En ce qui concerne l’Europe les derniers résultats électoraux italiens sont éloquents. Mais c’est encore l’Europe centrale qui apparaît la plus touchée par la hantise de l’invasion. En Hongrie, le discours du premier ministre Viktor Orban est plus que véhément. Ses collègues polonais et tchèques sont au même diapason. C’est à un point tel que l’équilibre de l’Union européenne est en jeu, avec la possibilité d’un retournement de majorité aux prochaines élections européennes.

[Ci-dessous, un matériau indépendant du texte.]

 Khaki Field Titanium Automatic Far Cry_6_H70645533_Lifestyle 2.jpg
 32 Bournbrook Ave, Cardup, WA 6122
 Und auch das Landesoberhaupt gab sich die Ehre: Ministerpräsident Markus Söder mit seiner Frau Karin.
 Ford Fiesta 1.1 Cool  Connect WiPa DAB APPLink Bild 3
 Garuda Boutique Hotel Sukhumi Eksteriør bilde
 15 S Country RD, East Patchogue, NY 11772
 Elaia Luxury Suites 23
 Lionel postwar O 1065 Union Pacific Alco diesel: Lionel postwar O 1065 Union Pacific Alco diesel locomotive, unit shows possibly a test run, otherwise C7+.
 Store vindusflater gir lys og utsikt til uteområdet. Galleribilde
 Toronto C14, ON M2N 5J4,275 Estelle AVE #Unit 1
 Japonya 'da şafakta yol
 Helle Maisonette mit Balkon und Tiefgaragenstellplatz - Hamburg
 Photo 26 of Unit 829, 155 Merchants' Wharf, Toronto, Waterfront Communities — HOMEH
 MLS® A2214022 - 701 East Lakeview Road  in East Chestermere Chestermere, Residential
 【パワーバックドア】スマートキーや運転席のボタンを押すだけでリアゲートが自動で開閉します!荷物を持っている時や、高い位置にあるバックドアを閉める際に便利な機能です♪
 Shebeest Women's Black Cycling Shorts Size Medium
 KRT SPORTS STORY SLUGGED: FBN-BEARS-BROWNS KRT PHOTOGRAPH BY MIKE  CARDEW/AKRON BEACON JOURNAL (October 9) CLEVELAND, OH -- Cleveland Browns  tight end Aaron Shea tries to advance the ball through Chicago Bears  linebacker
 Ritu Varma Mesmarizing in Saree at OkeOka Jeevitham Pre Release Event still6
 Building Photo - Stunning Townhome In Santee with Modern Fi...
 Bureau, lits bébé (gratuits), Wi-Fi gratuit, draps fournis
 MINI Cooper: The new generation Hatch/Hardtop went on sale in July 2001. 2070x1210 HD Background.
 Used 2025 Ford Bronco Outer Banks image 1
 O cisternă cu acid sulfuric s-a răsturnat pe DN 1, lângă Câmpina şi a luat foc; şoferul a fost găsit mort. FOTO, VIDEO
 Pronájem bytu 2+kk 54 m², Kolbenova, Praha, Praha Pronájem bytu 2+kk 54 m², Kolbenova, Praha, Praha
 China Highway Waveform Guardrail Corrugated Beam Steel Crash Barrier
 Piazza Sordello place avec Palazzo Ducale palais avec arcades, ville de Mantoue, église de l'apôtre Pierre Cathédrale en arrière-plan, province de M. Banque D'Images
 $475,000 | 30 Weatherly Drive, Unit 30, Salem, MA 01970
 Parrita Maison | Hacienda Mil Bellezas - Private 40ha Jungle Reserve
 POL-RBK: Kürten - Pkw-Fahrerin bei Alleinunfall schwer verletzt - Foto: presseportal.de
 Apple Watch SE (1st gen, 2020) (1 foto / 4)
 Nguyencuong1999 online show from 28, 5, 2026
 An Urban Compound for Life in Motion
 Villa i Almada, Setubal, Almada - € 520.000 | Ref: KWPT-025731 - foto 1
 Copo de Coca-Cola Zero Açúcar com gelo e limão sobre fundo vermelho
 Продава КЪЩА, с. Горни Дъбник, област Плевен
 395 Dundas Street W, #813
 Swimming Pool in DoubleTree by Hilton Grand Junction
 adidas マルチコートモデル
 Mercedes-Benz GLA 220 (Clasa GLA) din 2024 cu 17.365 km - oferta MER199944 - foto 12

Les associations humanitaires vouées à l’accueil des réfugiés ne peuvent que s’affliger d’un tel état d’esprit. Mais elles ne paraissent pas en mesure de contrer une opinion publique désormais rebelle aux mouvements migratoires, à l’exception des demandeurs d’asile dont la cause est solidement justifiée. Et notre pape François, qui n’a cessé depuis le début de son pontificat de plaider en faveur de ceux qui frappent à nos portes et dont il affirme qu’ils ont le visage même de Dieu ? Faut-il dire qu’il est dans la situation de Paul à Athènes à qui l’on rétorque : « Nous t’entendrons là-dessus une autre fois » ? Nous sommes très certainement dans la situation décrite par les moralistes comme celle des conflits de devoir. Il est infiniment difficile de les dénouer. Et il faut le courage et l’intelligence des hommes d’action, qui savent allier le sens de l’humanité avec celui des réalités. Est-ce possible ? C’est en tout cas très souhaitable.